*The task:* When you copy the listing, reproduce each line as it appears and omit every image.

*Raw data:*

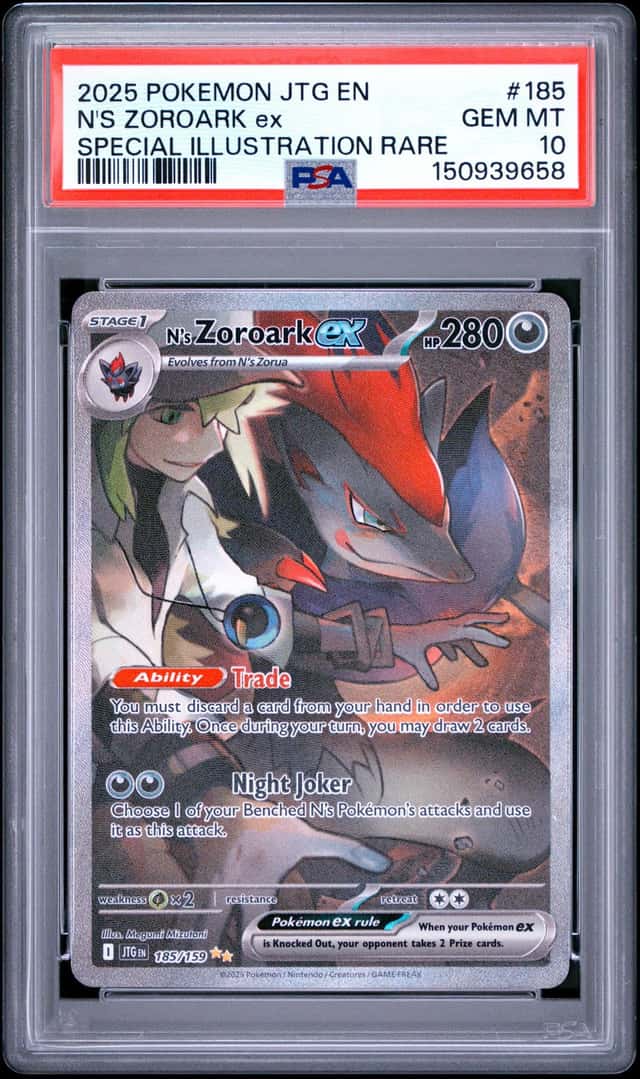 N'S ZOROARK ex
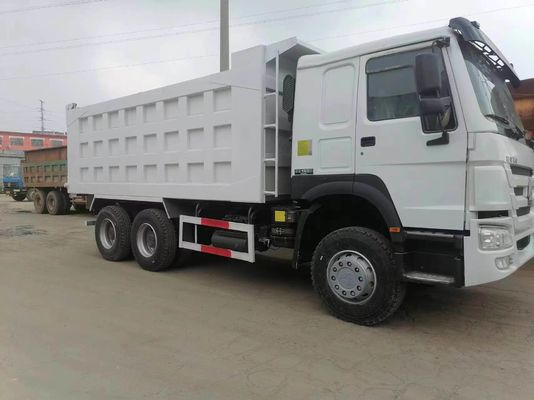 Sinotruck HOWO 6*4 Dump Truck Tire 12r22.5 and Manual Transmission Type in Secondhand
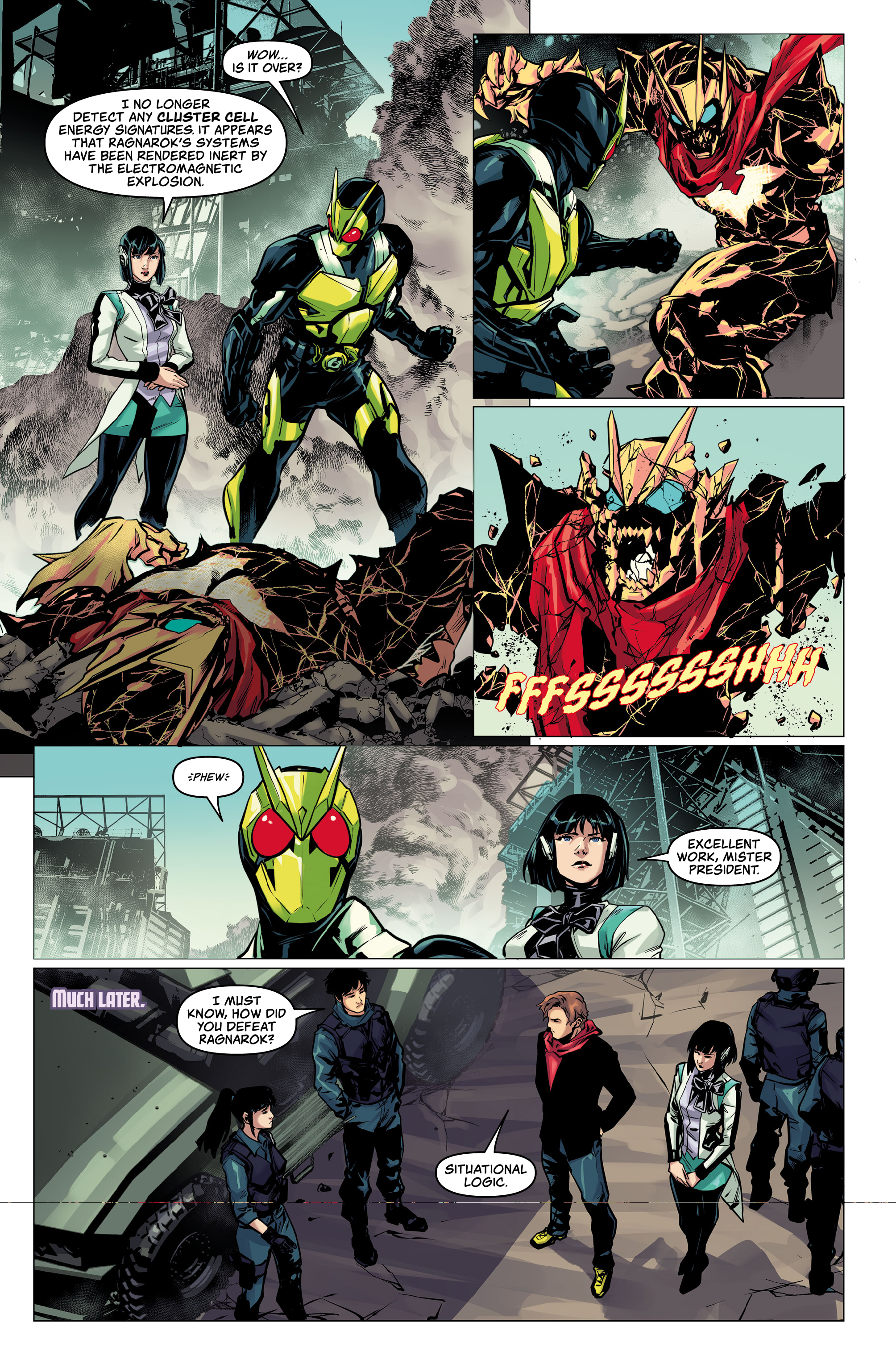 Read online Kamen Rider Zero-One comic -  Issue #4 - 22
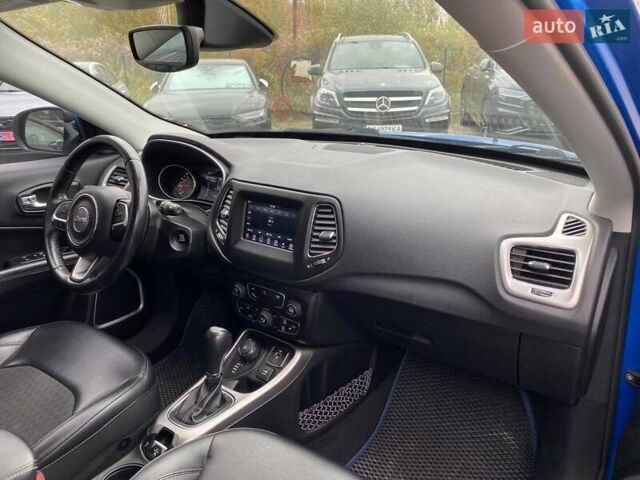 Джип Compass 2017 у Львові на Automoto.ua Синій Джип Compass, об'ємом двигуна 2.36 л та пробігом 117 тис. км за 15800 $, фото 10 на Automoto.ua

*Task output:*
 N'S ZOROARK ex
 Sinotruck HOWO 6*4 Dump Truck Tire 12r22.5 and Manual Transmission Type in Secondhand
 Read online Kamen Rider Zero-One comic -  Issue #4 - 22
 Джип Compass 2017 у Львові на Automoto.ua Синій Джип Compass, об'ємом двигуна 2.36 л та пробігом 117 тис. км за 15800 $, фото 10 на Automoto.ua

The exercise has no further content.